9. A method for making a countermeasure device, the method comprising the steps of:

forming an emitter having an outer surface;

integrating a metal band gap material with a substantial portion of the outer surface of the emitter;

locating a heat source proximate to the emitter; and

creating a series of apertures in the band gap material.

10. The method of claim 9, wherein the step of integrating a band gap material further comprises depositing a band gap material on the outer surface of the emitter.

11. The method of claim 9, wherein the step of creating a series of apertures further comprises creating a series of periodically spaced apertures.
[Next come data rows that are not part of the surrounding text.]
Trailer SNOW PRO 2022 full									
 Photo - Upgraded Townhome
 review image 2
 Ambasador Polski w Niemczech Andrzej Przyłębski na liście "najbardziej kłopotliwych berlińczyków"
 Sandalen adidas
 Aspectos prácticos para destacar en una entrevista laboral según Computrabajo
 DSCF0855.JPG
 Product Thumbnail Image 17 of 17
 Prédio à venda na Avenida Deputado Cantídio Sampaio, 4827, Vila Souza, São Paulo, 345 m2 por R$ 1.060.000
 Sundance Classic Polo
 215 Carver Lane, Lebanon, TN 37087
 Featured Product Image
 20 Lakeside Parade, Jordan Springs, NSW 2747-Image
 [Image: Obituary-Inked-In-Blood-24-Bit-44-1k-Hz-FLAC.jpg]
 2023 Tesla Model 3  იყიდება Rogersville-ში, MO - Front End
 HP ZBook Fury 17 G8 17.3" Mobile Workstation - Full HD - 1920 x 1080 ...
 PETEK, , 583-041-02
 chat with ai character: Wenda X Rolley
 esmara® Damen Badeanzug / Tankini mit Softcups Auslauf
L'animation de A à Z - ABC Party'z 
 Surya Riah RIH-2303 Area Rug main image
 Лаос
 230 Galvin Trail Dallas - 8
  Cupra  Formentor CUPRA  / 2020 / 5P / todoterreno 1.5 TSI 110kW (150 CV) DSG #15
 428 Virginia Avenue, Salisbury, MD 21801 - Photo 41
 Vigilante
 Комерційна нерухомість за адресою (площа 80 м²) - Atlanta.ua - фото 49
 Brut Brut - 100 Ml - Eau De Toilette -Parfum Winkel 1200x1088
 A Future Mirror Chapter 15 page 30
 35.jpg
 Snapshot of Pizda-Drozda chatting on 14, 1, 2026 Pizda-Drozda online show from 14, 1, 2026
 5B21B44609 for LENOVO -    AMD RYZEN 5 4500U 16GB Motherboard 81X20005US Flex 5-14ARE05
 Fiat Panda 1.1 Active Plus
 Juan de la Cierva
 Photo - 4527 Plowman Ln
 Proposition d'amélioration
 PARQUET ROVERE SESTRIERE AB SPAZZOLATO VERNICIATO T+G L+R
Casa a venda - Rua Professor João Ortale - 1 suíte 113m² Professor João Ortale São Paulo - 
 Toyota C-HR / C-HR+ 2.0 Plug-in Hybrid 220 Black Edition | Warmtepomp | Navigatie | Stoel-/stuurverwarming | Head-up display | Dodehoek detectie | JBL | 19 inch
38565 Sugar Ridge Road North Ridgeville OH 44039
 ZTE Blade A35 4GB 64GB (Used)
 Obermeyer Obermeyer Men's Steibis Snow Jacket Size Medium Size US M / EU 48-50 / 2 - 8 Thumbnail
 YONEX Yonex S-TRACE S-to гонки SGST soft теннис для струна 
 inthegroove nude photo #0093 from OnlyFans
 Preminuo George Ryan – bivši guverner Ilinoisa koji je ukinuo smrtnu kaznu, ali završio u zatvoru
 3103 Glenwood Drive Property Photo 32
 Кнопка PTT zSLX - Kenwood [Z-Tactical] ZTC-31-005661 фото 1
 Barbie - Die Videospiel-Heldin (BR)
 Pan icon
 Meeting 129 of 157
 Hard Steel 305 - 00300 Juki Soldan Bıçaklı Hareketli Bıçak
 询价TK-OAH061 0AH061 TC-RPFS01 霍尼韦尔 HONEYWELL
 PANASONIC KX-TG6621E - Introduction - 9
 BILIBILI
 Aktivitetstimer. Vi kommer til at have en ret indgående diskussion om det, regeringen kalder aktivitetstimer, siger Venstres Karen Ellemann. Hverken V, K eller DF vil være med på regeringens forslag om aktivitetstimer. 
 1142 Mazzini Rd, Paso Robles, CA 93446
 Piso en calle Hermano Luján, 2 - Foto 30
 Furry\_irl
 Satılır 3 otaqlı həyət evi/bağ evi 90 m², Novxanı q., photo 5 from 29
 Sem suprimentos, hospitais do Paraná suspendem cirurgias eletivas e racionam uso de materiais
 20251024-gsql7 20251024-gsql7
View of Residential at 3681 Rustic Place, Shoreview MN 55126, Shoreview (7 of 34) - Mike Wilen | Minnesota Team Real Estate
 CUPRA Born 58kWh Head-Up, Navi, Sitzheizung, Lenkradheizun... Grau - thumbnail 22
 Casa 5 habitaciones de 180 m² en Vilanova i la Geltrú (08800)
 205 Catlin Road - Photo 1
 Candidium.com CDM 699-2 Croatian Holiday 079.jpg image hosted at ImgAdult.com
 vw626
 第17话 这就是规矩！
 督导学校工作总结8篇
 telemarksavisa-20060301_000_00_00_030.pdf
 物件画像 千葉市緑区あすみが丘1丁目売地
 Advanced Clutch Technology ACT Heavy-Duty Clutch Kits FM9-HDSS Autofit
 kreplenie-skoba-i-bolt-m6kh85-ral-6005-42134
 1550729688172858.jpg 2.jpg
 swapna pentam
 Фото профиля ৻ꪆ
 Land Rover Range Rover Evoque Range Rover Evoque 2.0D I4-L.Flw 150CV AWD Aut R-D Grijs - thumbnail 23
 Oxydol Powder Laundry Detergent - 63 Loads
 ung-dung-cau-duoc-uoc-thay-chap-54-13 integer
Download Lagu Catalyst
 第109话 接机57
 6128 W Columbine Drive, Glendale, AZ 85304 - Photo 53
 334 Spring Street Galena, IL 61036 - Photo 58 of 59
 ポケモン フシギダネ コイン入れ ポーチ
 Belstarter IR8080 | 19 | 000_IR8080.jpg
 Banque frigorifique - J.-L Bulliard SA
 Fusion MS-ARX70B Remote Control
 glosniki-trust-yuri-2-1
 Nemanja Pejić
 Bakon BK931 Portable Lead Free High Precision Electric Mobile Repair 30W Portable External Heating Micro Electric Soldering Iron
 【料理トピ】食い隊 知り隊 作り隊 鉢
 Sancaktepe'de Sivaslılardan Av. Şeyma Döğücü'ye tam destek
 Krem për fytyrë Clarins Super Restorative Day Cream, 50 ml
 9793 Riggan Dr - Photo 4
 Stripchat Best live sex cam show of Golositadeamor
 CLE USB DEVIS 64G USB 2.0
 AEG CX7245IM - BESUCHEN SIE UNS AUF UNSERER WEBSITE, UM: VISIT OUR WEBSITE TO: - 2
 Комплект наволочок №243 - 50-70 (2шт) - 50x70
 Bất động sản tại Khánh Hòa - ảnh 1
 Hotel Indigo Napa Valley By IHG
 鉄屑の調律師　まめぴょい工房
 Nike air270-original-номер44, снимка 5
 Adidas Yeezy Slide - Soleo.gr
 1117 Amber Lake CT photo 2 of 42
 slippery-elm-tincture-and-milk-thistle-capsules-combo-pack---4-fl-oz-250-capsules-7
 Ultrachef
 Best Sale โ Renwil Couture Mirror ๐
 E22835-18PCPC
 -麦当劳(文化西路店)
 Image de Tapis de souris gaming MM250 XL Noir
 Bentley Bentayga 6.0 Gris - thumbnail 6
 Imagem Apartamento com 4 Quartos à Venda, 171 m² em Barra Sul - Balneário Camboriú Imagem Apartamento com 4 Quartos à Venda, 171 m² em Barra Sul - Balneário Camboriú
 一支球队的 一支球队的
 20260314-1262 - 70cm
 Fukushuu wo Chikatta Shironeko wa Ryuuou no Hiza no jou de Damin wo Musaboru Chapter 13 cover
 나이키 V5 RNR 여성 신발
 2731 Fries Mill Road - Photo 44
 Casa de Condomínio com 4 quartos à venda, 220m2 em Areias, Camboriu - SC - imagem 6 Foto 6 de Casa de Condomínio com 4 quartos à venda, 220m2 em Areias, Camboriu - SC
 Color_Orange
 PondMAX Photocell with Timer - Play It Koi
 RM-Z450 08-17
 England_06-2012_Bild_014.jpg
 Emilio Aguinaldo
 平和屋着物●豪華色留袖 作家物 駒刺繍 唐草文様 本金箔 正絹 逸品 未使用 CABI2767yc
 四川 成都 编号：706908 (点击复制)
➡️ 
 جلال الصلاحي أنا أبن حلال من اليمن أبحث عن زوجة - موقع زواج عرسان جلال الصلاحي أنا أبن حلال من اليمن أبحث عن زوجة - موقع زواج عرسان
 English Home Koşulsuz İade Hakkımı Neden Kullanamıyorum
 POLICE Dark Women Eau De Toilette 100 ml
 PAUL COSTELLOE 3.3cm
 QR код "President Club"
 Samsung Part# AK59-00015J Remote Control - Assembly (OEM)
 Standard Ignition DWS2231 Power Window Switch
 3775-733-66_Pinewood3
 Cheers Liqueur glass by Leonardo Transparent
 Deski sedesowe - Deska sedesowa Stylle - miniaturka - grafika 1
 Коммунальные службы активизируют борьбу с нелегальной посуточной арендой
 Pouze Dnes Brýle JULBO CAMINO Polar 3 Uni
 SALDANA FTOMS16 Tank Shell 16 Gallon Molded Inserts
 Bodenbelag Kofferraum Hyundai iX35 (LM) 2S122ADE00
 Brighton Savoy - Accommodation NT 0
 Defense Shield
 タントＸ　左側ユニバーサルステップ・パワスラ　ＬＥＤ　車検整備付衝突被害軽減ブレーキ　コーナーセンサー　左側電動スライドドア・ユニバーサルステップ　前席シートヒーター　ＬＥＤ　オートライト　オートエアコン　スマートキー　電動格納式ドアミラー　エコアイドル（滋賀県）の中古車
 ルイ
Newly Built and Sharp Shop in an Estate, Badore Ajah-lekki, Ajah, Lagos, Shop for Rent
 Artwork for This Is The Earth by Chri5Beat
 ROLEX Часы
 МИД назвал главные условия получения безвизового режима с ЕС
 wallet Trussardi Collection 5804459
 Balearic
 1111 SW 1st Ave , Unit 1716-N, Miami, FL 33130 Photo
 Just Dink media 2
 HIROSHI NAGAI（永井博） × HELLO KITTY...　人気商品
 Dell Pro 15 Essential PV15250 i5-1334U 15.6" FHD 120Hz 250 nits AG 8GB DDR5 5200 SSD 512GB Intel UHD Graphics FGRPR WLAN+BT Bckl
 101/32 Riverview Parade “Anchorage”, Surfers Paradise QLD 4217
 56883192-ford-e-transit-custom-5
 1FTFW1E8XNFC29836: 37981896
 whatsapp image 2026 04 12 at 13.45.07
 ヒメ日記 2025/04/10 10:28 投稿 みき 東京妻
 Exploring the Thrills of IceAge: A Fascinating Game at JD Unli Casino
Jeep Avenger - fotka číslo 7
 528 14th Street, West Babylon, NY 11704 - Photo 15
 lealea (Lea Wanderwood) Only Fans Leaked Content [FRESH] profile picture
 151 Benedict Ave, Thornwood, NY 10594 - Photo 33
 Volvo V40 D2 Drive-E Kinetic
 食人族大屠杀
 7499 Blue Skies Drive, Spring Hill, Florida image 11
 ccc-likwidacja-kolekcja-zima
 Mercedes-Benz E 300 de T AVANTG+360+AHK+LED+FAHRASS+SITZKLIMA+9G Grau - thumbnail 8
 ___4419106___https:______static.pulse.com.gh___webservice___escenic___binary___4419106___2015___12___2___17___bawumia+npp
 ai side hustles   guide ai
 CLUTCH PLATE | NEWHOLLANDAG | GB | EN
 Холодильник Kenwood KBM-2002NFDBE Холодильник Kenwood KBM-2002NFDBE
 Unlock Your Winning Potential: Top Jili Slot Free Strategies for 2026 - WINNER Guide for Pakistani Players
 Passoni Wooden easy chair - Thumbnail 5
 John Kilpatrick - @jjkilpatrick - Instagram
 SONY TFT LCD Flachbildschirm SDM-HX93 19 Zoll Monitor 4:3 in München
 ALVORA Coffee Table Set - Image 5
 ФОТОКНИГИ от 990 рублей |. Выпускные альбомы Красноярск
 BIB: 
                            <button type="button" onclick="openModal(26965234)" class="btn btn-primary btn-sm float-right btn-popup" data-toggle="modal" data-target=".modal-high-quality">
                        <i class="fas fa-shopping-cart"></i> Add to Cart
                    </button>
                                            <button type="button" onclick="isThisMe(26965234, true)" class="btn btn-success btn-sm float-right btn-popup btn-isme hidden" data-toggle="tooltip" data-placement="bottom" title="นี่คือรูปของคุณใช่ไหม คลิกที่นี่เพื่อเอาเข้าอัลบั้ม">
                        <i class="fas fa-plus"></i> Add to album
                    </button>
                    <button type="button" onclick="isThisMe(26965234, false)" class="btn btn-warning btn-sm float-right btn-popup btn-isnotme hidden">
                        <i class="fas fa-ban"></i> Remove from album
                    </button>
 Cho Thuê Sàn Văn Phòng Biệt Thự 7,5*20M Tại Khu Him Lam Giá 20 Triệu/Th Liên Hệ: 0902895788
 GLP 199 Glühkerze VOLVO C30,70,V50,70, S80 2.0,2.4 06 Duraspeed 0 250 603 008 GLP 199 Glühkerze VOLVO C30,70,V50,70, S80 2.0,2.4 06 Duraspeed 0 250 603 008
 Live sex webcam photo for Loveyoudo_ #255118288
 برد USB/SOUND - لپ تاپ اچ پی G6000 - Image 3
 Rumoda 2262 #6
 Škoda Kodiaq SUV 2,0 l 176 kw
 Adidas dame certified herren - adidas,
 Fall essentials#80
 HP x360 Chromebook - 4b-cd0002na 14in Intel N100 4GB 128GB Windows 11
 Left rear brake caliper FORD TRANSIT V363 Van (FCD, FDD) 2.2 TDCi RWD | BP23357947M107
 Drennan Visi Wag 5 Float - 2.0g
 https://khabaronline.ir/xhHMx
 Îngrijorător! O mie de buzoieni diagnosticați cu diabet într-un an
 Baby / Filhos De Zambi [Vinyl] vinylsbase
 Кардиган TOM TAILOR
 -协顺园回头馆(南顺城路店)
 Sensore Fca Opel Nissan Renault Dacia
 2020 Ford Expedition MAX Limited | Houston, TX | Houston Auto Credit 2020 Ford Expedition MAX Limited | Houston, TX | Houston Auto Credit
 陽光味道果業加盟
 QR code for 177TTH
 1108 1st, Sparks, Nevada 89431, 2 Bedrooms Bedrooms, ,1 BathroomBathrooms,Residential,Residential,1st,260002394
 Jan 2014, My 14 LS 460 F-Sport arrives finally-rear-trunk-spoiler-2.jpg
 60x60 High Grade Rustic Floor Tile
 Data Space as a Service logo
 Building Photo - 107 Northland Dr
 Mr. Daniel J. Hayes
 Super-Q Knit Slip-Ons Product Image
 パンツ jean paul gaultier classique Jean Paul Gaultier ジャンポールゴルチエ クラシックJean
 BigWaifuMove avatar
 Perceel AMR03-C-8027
12. The method of claim 9, wherein the step of creating a series of apertures further comprises creating a series of apertures wherein each aperture is substantially equivalently sized.

13. The method of claim 9, wherein the step of locating a heat source proximate to the emitter further comprises mounting a heat source to the emitter.

14. The method of claim 9, further comprising heating the emitter to a temperature of at least 500 Kelvin.

15. The method of claim 9, further comprising heating the emitter to a temperature of at least 700 Kelvin.

16. A system for emitting predetermined wavebands of photons, the system comprising:

an emitter for producing thermally excited output;

a heat source for heating the emitter; and

a metal band gap material for selectively receiving the predetermined wavebands of thermally excited output and converting the thermally excited output to emitted photons, the band gap material further reflecting non-predetermined wavebands of thermally excited output within the emitter until non-predetermined wavebands of thermally excited output bleed into the predetermined wavebands of thermally excited output.

17. The system of claim 16, wherein the band gap material is a metal.

18. The system of claim 16, wherein the series of apertures further comprising a series of periodically spaced apertures for selecting the thermally excited output to be converted by the band gap material.

19. The system of claim 16, wherein the series of apertures further comprising a series of substantially equivalently-sized apertures for selecting the thermally excited output to be converted by the band gap material.